Short text fragments from websites:
<<<<

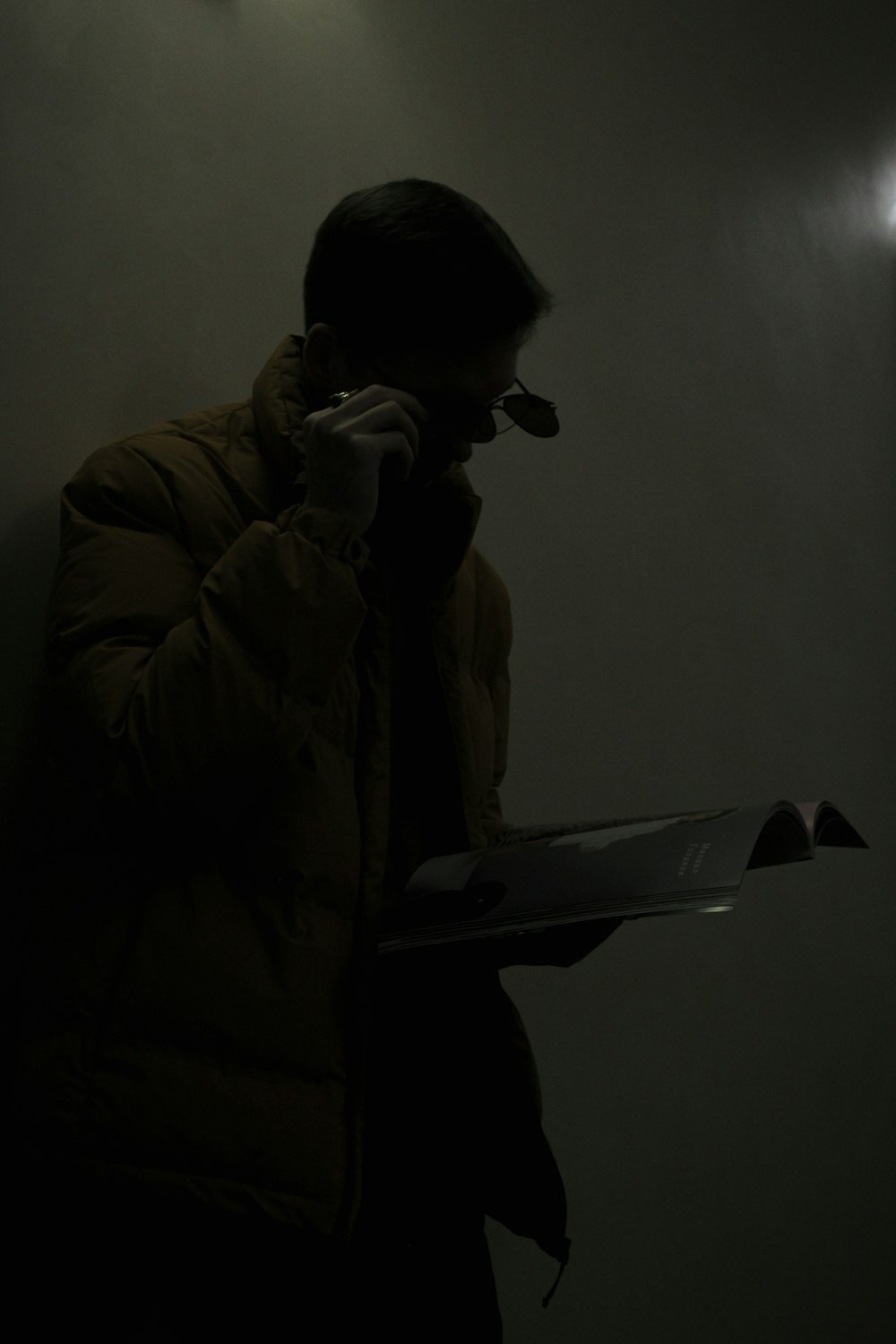 a man in a dark room talking on a cell phone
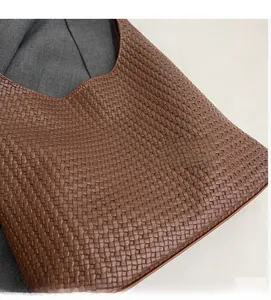 Detailed view of brown woven checkerboard leather tote with soft texture and pattern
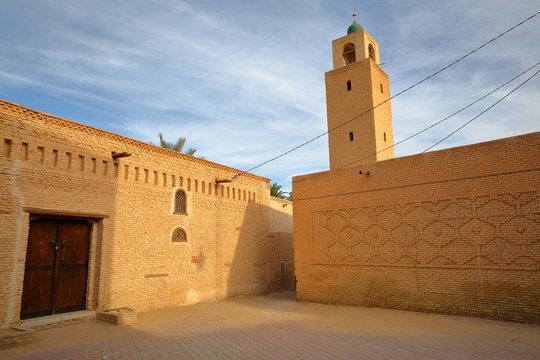 The historical medina of Tozeur (Ouled el Hadef), Tunisia, decorated with patterns of bricks and a minaret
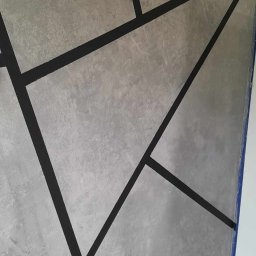 Ekskluzywne ściany - Ściana pomalowana na szaro z geometrycznym wzorem z czarnych linii, zabezpieczona niebieską taśmą malarską przy suficie i podłodze.
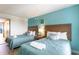 Guest bedroom with two beds, light teal walls, and wood headboards at 1501 S Ocean Blvd. # 936, Myrtle Beach, SC 29577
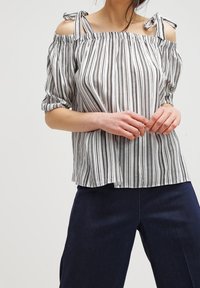 Randig avaxlat blus med korta puffärmar, rosettdetaljer på axelbanden, tillverkad av lätt tyg i vitt och svart.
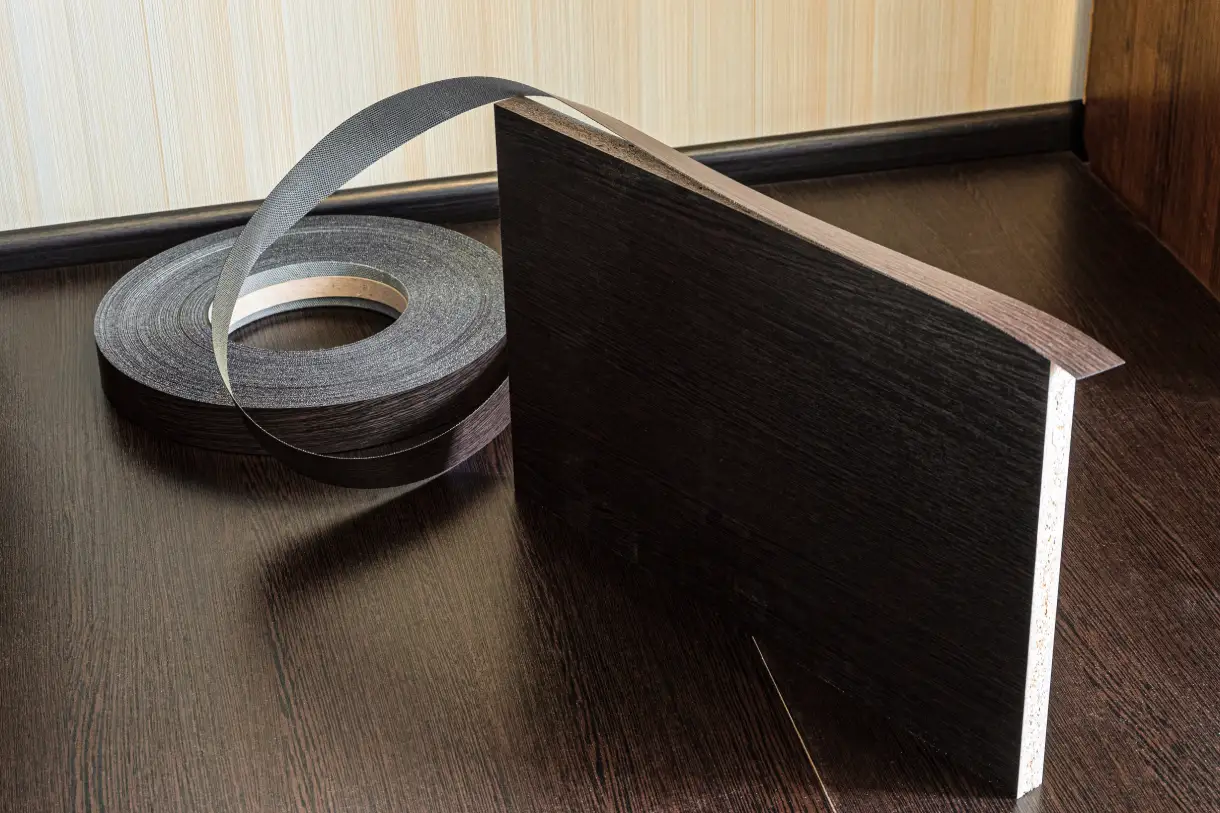 Thin pliable band strips covering exposed panel edges with matching colors & textures Edge Banding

>>>>

**Work task**
All lines from the start of the entries through the one with "The historical medina" are to be output exactly; omit the pictures.

**Written answer**
 a man in a dark room talking on a cell phone
 Detailed view of brown woven checkerboard leather tote with soft texture and pattern
 The historical medina of Tozeur (Ouled el Hadef), Tunisia, decorated with patterns of bricks and a minaret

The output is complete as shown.